→ **Assigned task**: Look below for the line containing "Sandra Kravitz for" and the line containing "garlic steak pasta recipe", then set down both and every line between them exactly, without pictures.

Items from a dataset
[Start of section]

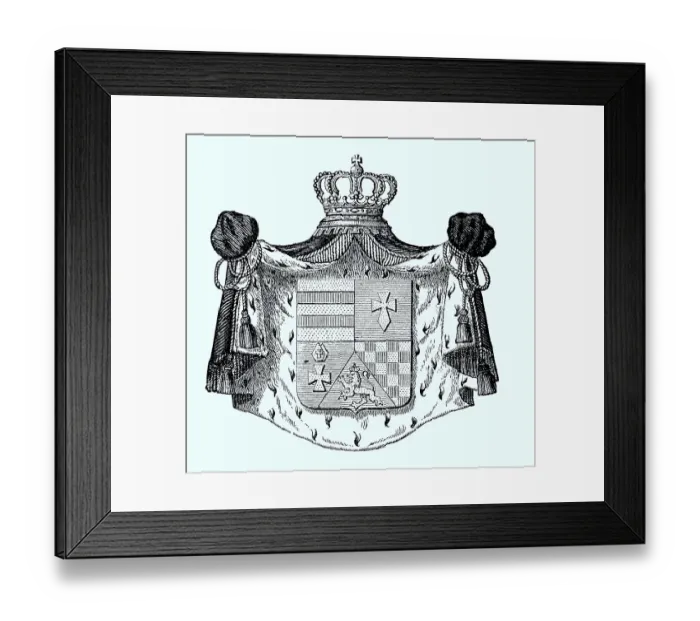Framed Print : State coat of arms, coat of arms from 1890 Framed Print : State coat of arms, coat of arms from 1890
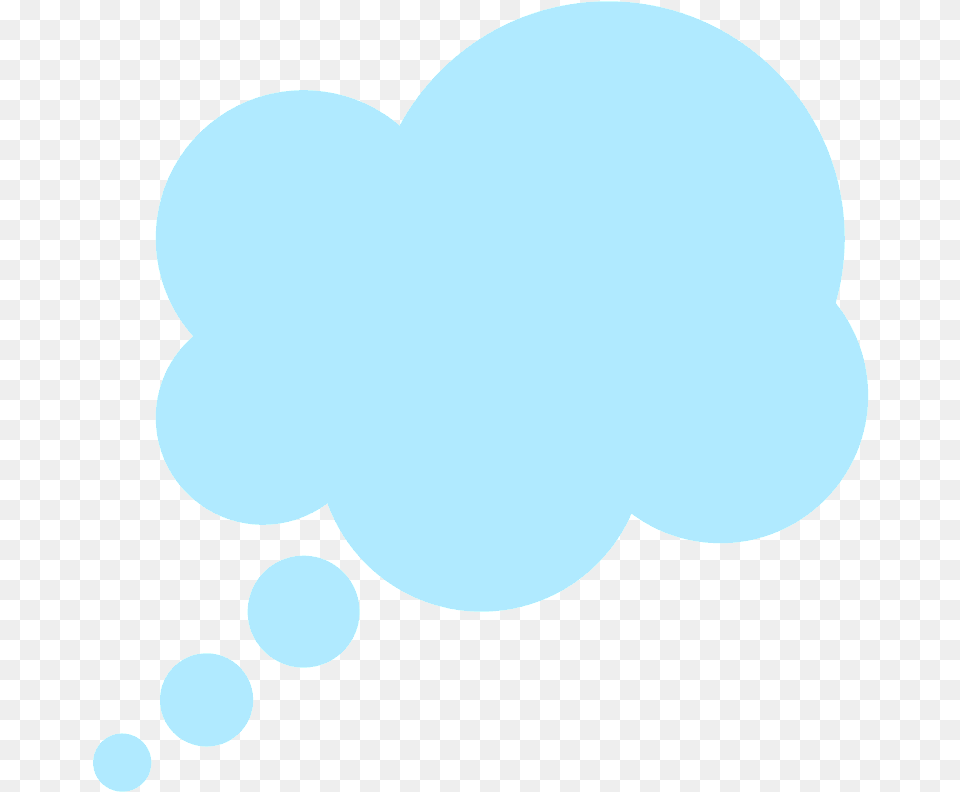 Thought Balloon Emoji Clipart Balo Pensamento Azul, Astronomy, Outdoors, Night, Nature Png Image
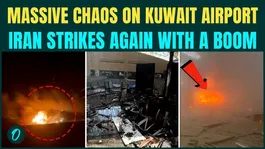UNSEEN Video Of Kuwait Aiport Strike, Iranian Missile HITS Airoplane Traffic In Chilling Footage
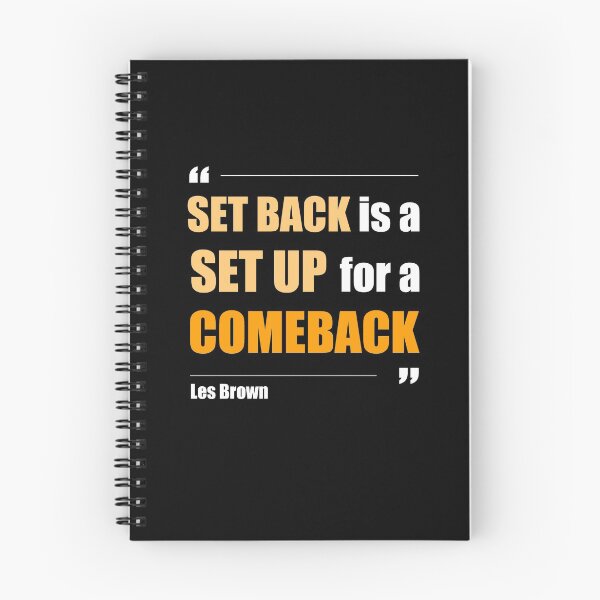 Item preview, Set Back is a Set Up for a Comeback - Les Brown - Motivational Quote designed and sold by NGAGE "LIVE LIFE".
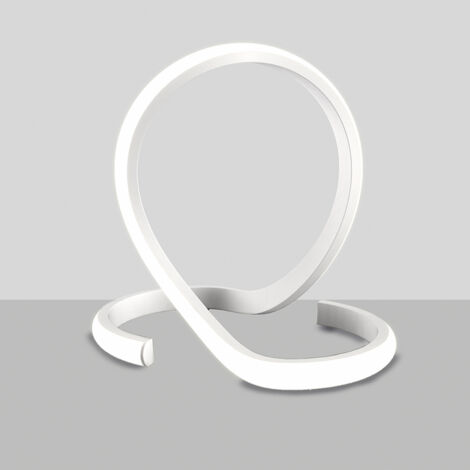 Lumetto Moderno Luce Led Integrata Metallo E Alluminio Bianco Serie Noodles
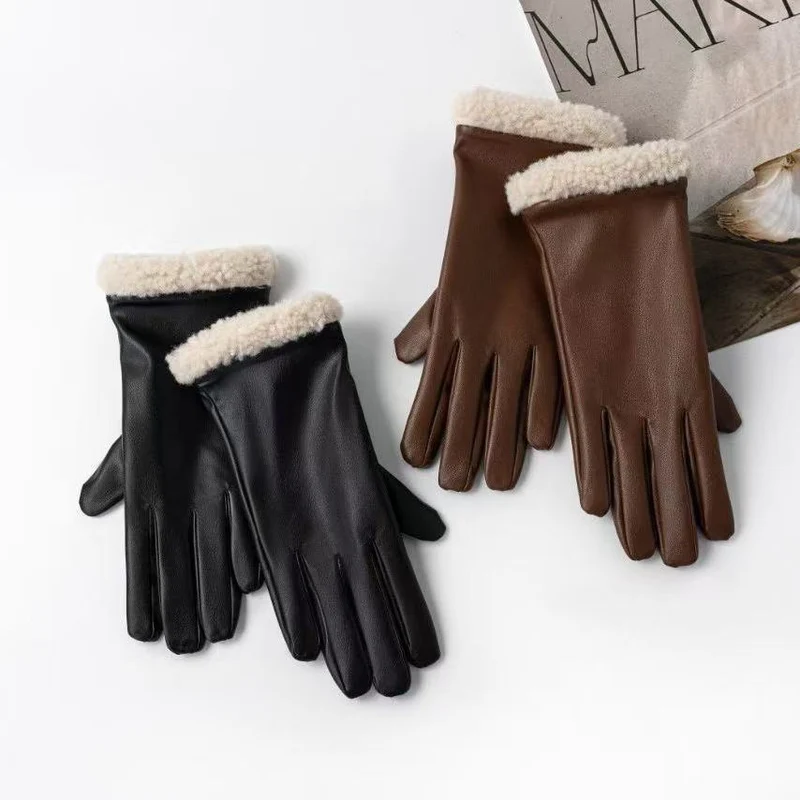Premium isolierte Leder Touchscreen-Handschuhe Brehn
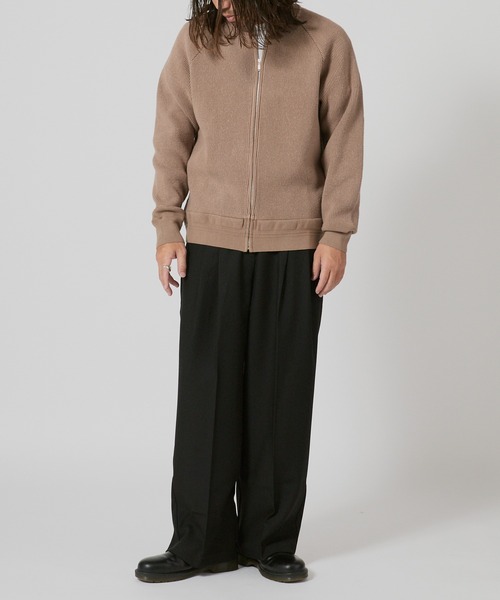 FLISTFIA（フリストフィア）の「FLISTFIA Crew Nack Zip Cardigan / CN01016（カーディガン/ボレロ・メンズ・モカ・3）」の7枚目の写真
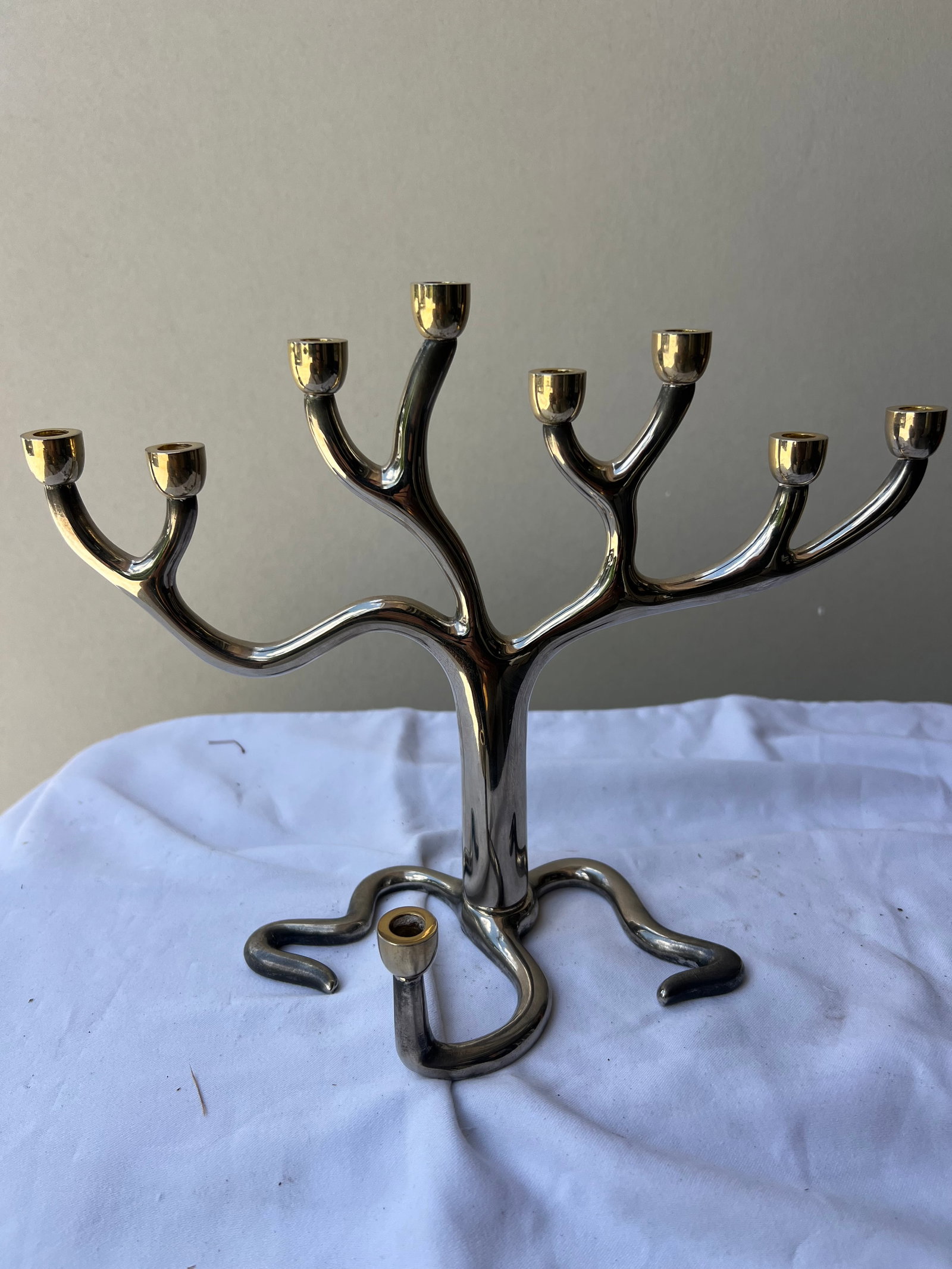 Sandra Kravitz for Rosenthal Judaica Collection "Tree of Life" Hanukkah Menorah (1 of 3)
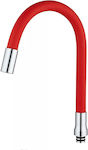 Viospiral Replacement Kitchen Faucet Pipe Red
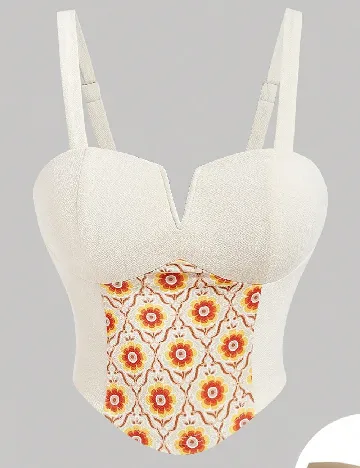 Top SHEIN, crem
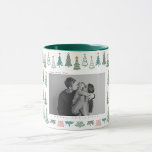 Xmas Bäume Farbiges Weihnachten Weihnachten Tasse<br><div class="desc">Weihnachtsblätter aus dem Weihnachten</div>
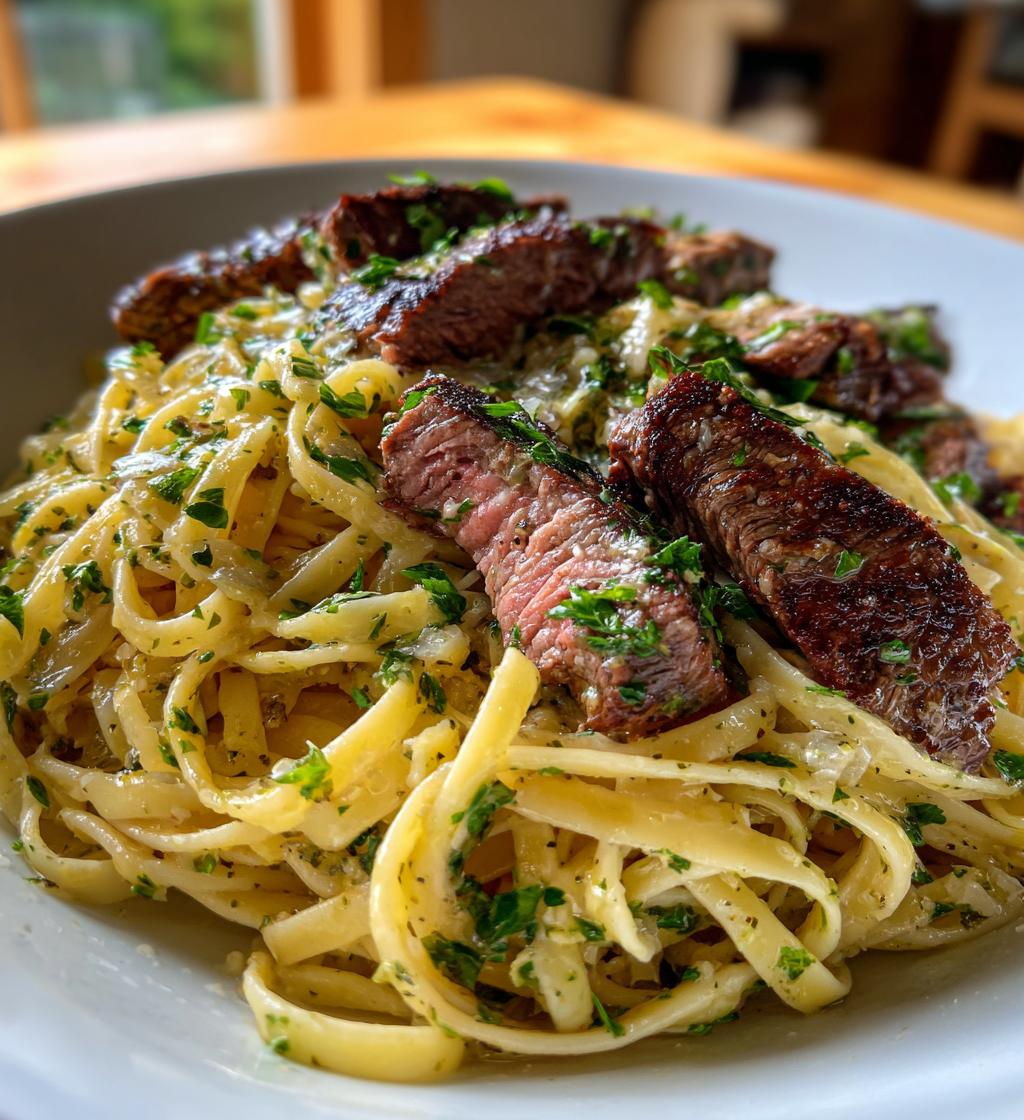 garlic steak pasta recipe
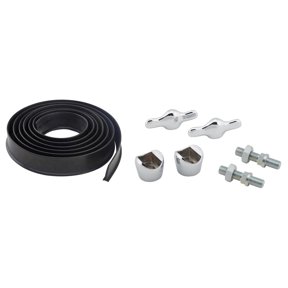 1928-31 Model A Windshield Rubber and Hardware kit, Open Car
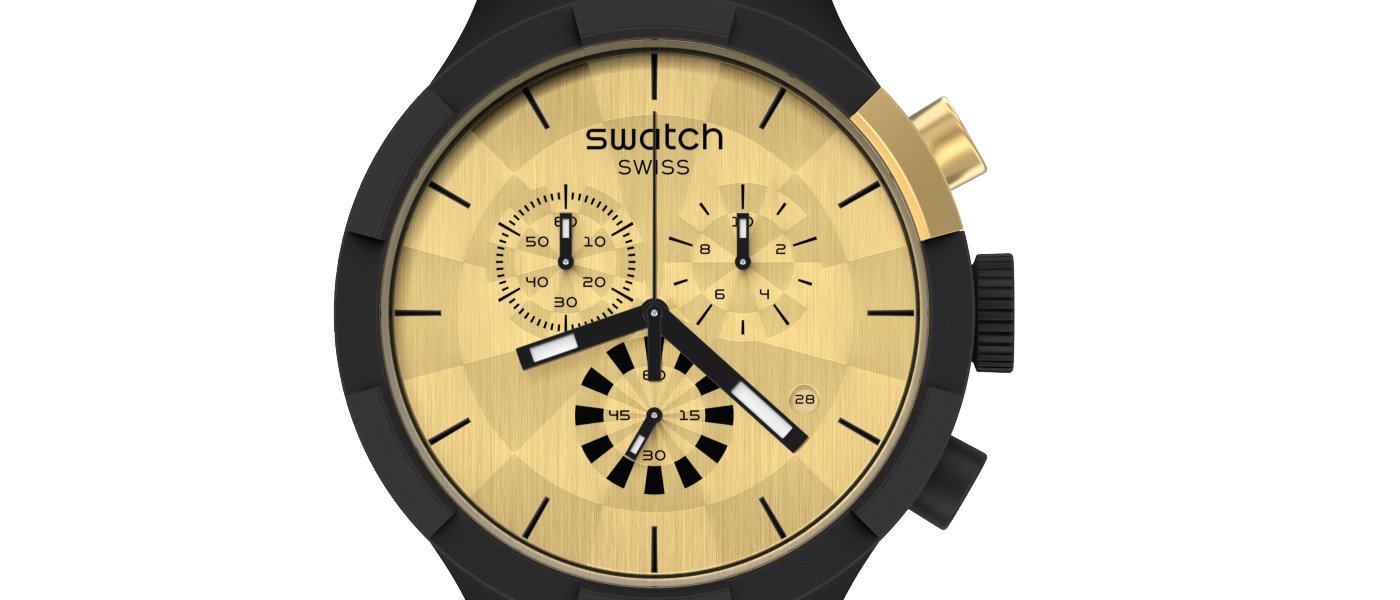 Swatch Big Bold Chrono – Checkpoint Golden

[End of section]

→ **Expected answer**:
 Sandra Kravitz for Rosenthal Judaica Collection "Tree of Life" Hanukkah Menorah (1 of 3)
 Viospiral Replacement Kitchen Faucet Pipe Red
 Top SHEIN, crem
 Xmas Bäume Farbiges Weihnachten Weihnachten Tasse<br><div class="desc">Weihnachtsblätter aus dem Weihnachten</div>
 garlic steak pasta recipe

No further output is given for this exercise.